Où en est la régulation du secteur bancaire et financier ? Quatre ans après le début de la crise, le bilan est bien maigre, déplore Pascal Canfin, député européen écologiste et cofondateur de Finance Watch. Après avoir bénéficié de la généreuse assistance des États, les banques et leurs dirigeants freinent la moindre tentative de régulation et continuent d’organiser la fraude fiscale.
Pourtant, plusieurs mesures simples existent pour reprendre le contrôle de la finance folle.
La crise bancaire n’a rien coûté aux contribuables, affirment les banques françaises. Qu’en est-il réellement ?
Pascal Canfin : 4 000 milliards de dollars ont été déboursés ou prêtés par les États pour sauver le système financier ! La Société générale a été sauvée par les contribuables américains, au moment de la crise des subprimes. Beaucoup de banques françaises avaient acheté des subprimes (des produits financiers adossés à des prêts immobiliers aux États-Unis, ndlr) et s’étaient assurées contre les risques de pertes de ces produits, par des CDS (Credit default swap), auprès d’AIG, premier assureur mondial.
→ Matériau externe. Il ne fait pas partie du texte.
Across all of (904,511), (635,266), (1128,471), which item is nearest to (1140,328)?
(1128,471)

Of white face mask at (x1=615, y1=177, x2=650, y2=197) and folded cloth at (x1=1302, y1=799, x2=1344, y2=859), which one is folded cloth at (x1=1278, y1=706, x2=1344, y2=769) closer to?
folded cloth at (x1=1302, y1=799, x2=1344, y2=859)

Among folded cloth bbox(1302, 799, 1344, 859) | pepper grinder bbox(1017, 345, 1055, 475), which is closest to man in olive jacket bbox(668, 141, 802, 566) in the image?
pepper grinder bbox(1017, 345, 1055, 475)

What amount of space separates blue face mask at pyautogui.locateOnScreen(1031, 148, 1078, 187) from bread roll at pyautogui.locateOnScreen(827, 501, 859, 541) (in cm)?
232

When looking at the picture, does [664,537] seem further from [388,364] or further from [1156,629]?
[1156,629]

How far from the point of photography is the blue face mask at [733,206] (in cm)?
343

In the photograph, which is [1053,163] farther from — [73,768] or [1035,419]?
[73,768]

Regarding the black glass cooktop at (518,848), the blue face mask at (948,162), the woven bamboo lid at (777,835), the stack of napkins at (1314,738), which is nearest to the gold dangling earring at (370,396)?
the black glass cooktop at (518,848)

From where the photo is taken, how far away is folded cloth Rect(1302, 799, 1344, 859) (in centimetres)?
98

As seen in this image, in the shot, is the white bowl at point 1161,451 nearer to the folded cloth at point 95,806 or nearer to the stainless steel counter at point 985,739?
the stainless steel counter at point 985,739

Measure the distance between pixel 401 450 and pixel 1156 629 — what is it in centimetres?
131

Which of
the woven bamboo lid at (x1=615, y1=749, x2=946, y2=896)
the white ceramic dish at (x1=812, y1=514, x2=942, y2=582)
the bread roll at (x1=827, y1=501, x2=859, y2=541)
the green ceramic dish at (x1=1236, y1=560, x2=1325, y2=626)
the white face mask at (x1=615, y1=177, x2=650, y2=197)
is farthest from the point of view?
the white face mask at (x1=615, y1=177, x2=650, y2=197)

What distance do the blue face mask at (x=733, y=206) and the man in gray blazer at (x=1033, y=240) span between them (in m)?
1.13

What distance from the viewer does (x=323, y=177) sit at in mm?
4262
En 2007, lors de la crise des subprimes, les banques se sont tournées vers AIG, qui leur a répondu : « Désolé, j’ai déjà tout versé en dividendes et en bonus ! » Face à la menace de faillite, AIG s’est tournée vers la Banque centrale américaine, qui a débloqué 85 milliards de dollars.
La Société générale a ainsi reçu 12 milliards de dollars [1] (presque autant que Goldman Sachs, premier bénéficiaire du sauvetage, qui a touché 13 milliards de dollars, ndlr). Natixis, la banque d’investissement, filiale des Caisses d’épargne et des Banques populaires, a aussi été sauvée grâce à l’épargne des Français. Et le sauvetage de Dexia aura sans doute coûté 10 milliards d’euros aux contribuables français. Trois banques, ce n’est pas rien…
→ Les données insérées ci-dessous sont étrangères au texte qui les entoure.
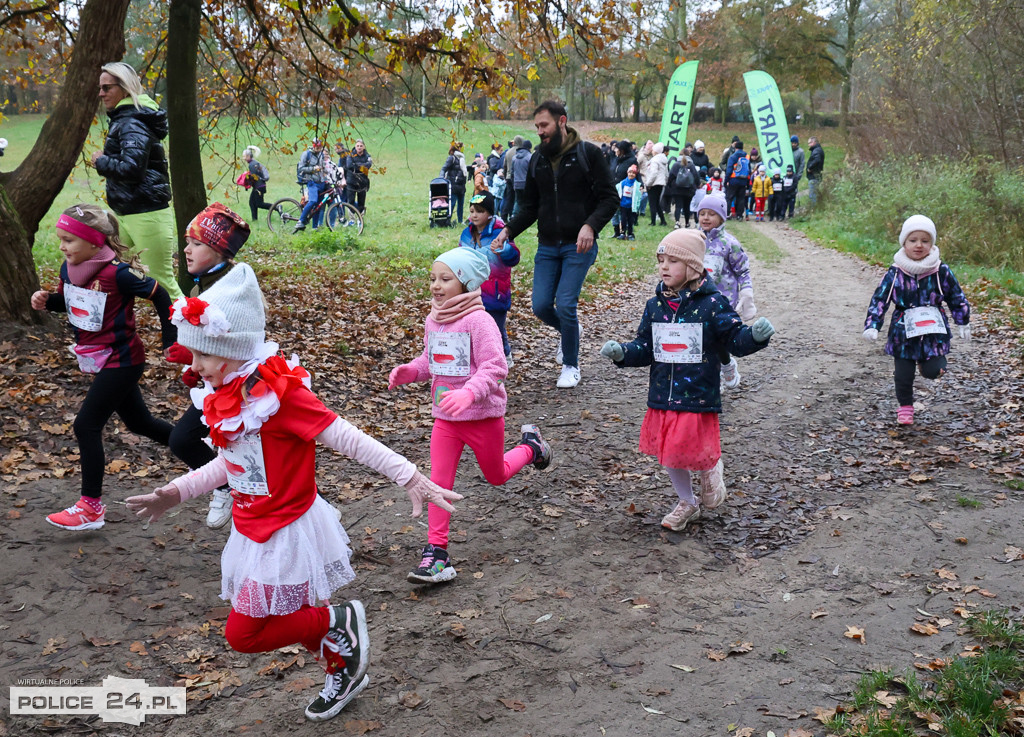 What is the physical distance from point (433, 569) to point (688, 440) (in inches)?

À cela s’ajoute le manque à gagner pour les finances publiques à cause de l’évasion fiscale organisée par les banques. La Cour des comptes l’évalue à 30 milliards d’euros. C’est, de très loin, la plus grosse niche fiscale en France. Ça devrait être la priorité n° 1 à régler. Il ne peut pas y avoir d’évasion fiscale sans complicité des banques : en 2009, les banques françaises disposaient de 460 filiales dans les paradis fiscaux. BNP-Paribas y a 189 filiales… La moitié des profits de la Société générale dans le monde sont localisé dans un seul pays. Devinez lequel ! Le Luxembourg.
Au Parlement européen, vous avez justement obtenu une victoire sur les « CDS à nu », ce produit financier qui permet d’assurer un actif financier sans le posséder, et donc de multiplier les paris. Pourquoi a-t-on mis tant de temps à admettre leur caractère nuisible ?
L’affaire a commencé au moment de la crise grecque. Les banques et les fonds spéculatifs ont acheté des CDS, pour s’assurer contre le risque de faillite de la Grèce, alors même qu’ils ne détenaient pas d’obligations grecques. Cette spéculation augmente le prix des CDS.
Et l’augmentation du prix accroît la perception du risque. La situation est devenue insoutenable. Il a fallu plusieurs mois pour que la Commission européenne se décide à prendre des mesures : l’interdiction possible des CDS « en cas de grave crise ». Lorsqu’il est trop tard, donc.
J’ai mené la bataille au Parlement européen pour l’interdiction totale des « CDS à nu » sur les dettes des États (la possession de CDS par des acteurs qui ne possèdent pas les obligations sur lesquelles sont adossées ces CDS, ndlr).
Cette loi va entrer en vigueur de manière progressive en 2012. C’est une première mondiale et un combat extrêmement important. Le fait que les marchés spéculent sur la dette souveraine des États est injuste et immoral : ce sont les États qui ont sauvé les banques ces dernières années.